### WHAT YOU WILL DO
Only an exact copy is wanted: the lines from the one holding "Satin Robe and" through the last line below, minus the pictures.

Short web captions
>>>

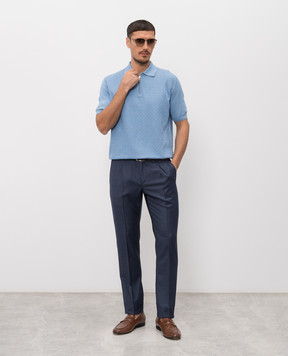 Stefano Ricci Синие брюки из шерсти M1T6100022W0020U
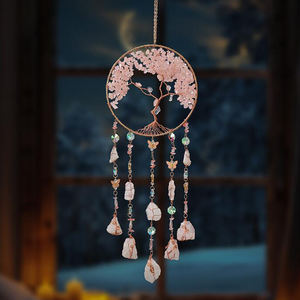 Cristal Agate Film Vent Carillon Vie Arbre Rêve Net Pendentif pour Salon Graduation Cadeau Pierre Thème Décoration - Product Image 1
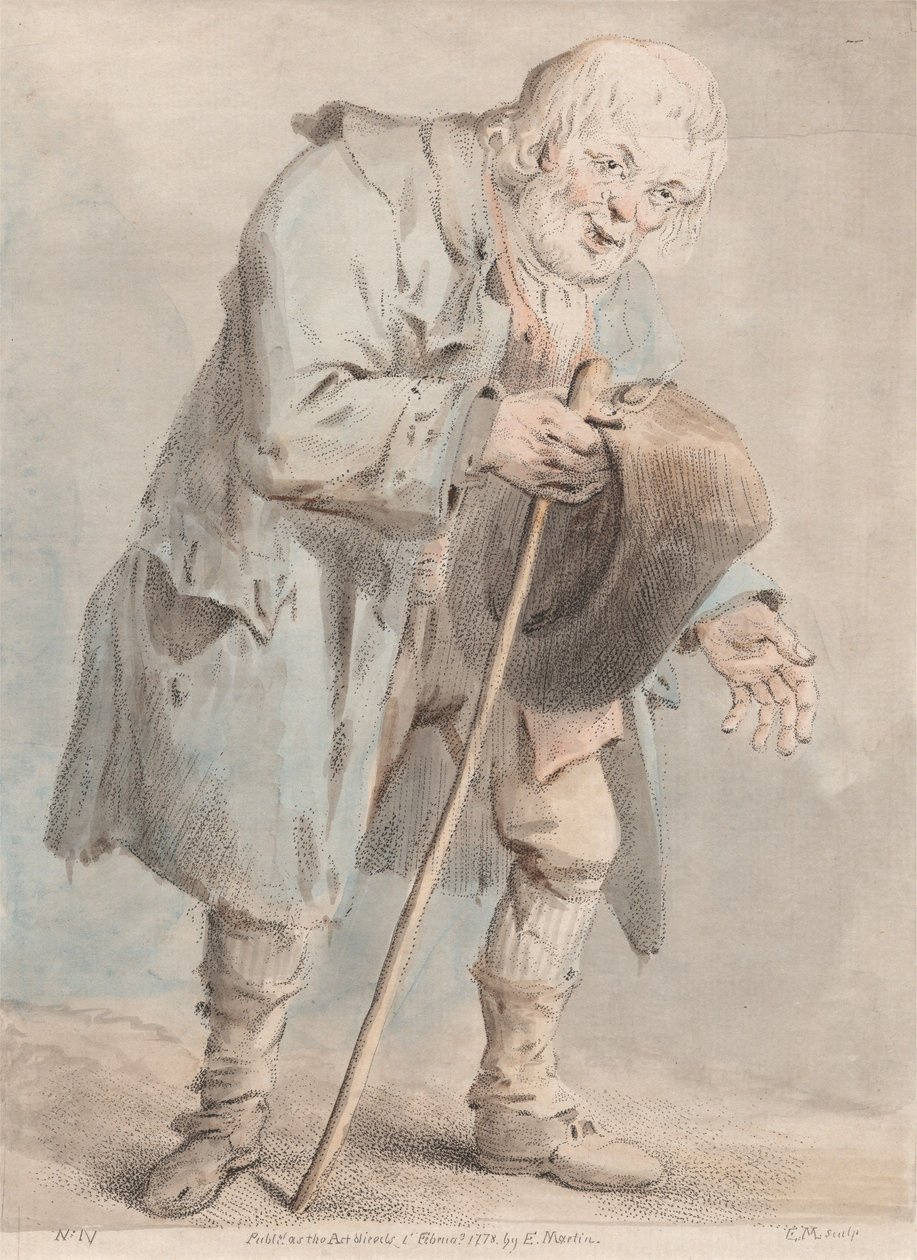 Alter Mann bettelnd von Elias Martin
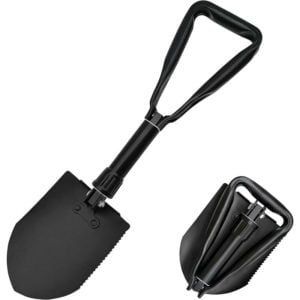 HAUTMEC Folding Emergency Survival Shovel, Outdoor Lightweight and Portable Entrenching Tool with Carrying Bag for Camping, Hiking, Trekking?Digging,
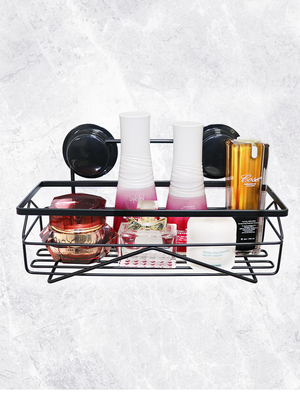 Cangkir Hisap Pemegang Caddy Kamar Mandi Teroksidasi Hitam Tetap Stainless Steel SS201
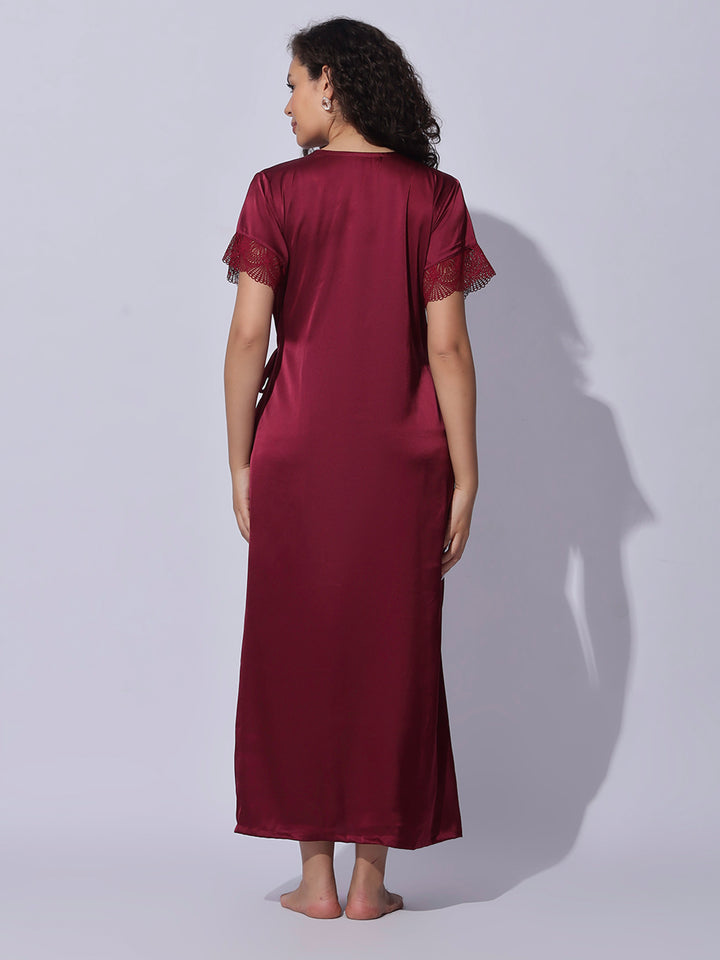 Satin Robe and Night Gown Set for Women Luxe Lace Sleepwear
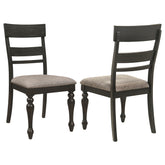 Best Furniture Outlet - Coaster - Bridget Wood Dining Side Chair Charcoal (Set of 2) - 108222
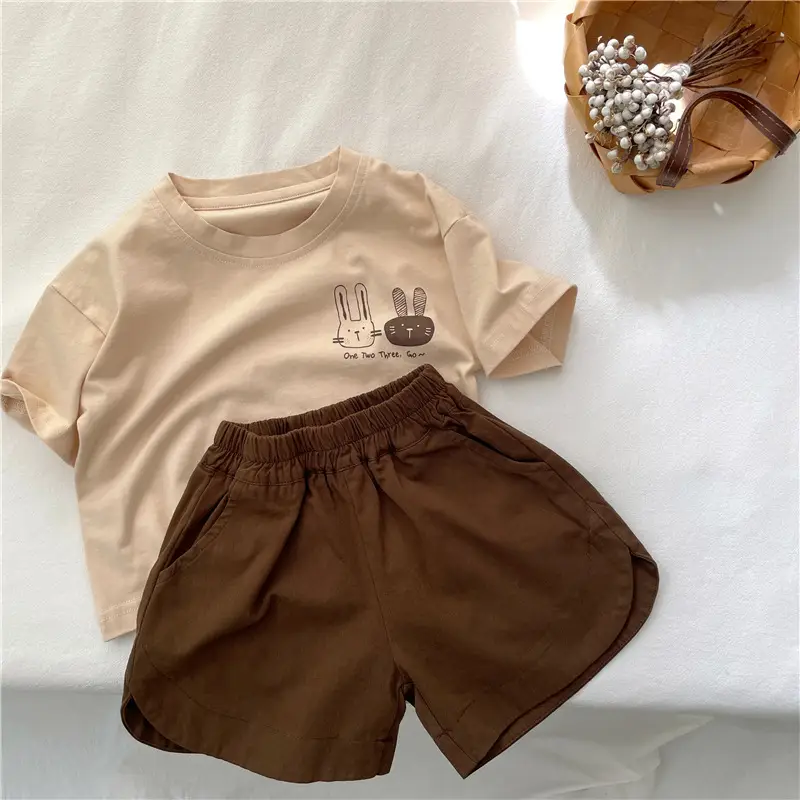 Kids Cotton Short Sleeve T-Shirt with Rabbit Print — feature 15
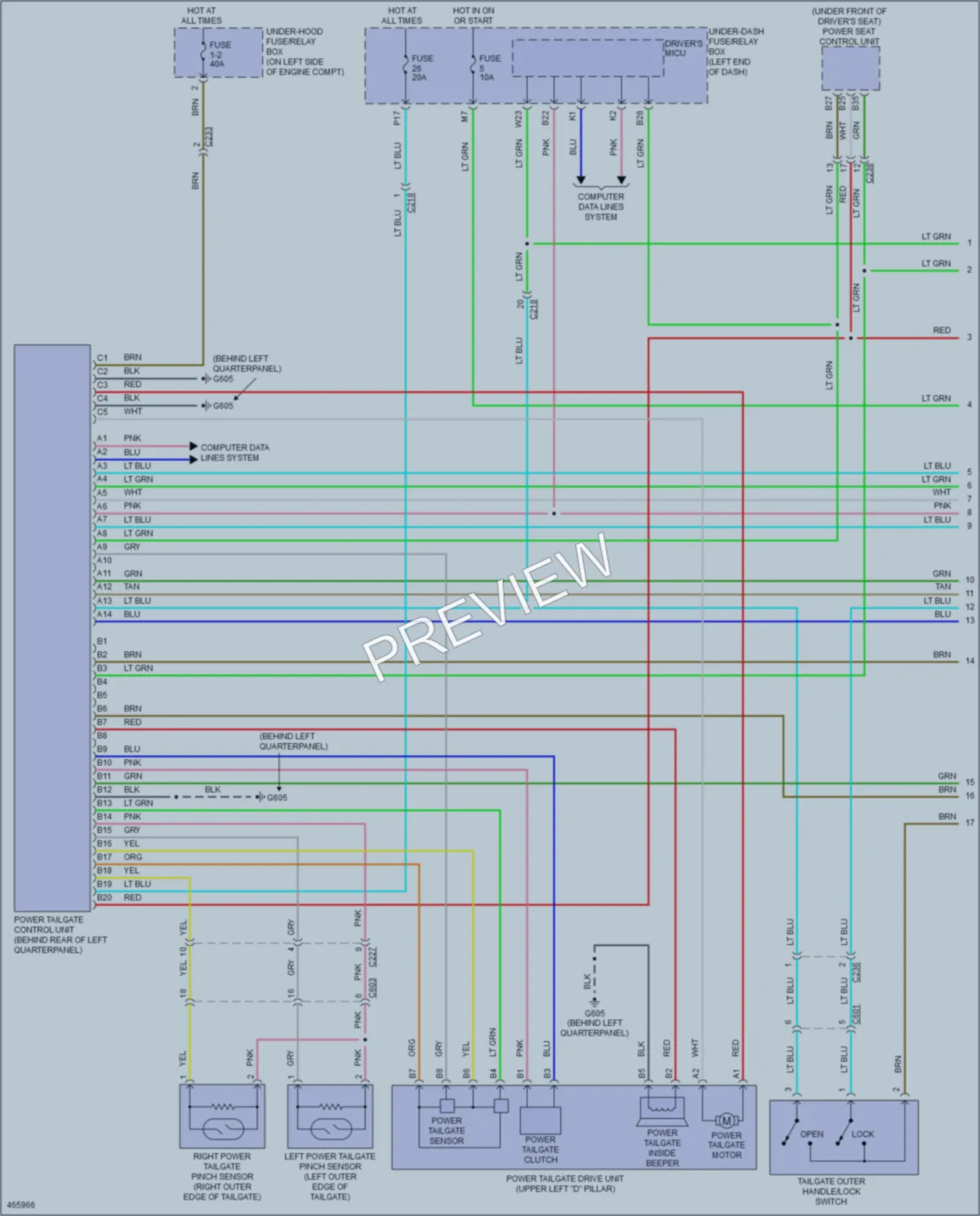 2015 Honda CRV Trunk Tailgate Fuel Door wiring diagram preview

<<<

### WRITTEN ANSWER
 Satin Robe and Night Gown Set for Women Luxe Lace Sleepwear
 Best Furniture Outlet - Coaster - Bridget Wood Dining Side Chair Charcoal (Set of 2) - 108222
 Kids Cotton Short Sleeve T-Shirt with Rabbit Print — feature 15
 2015 Honda CRV Trunk Tailgate Fuel Door wiring diagram preview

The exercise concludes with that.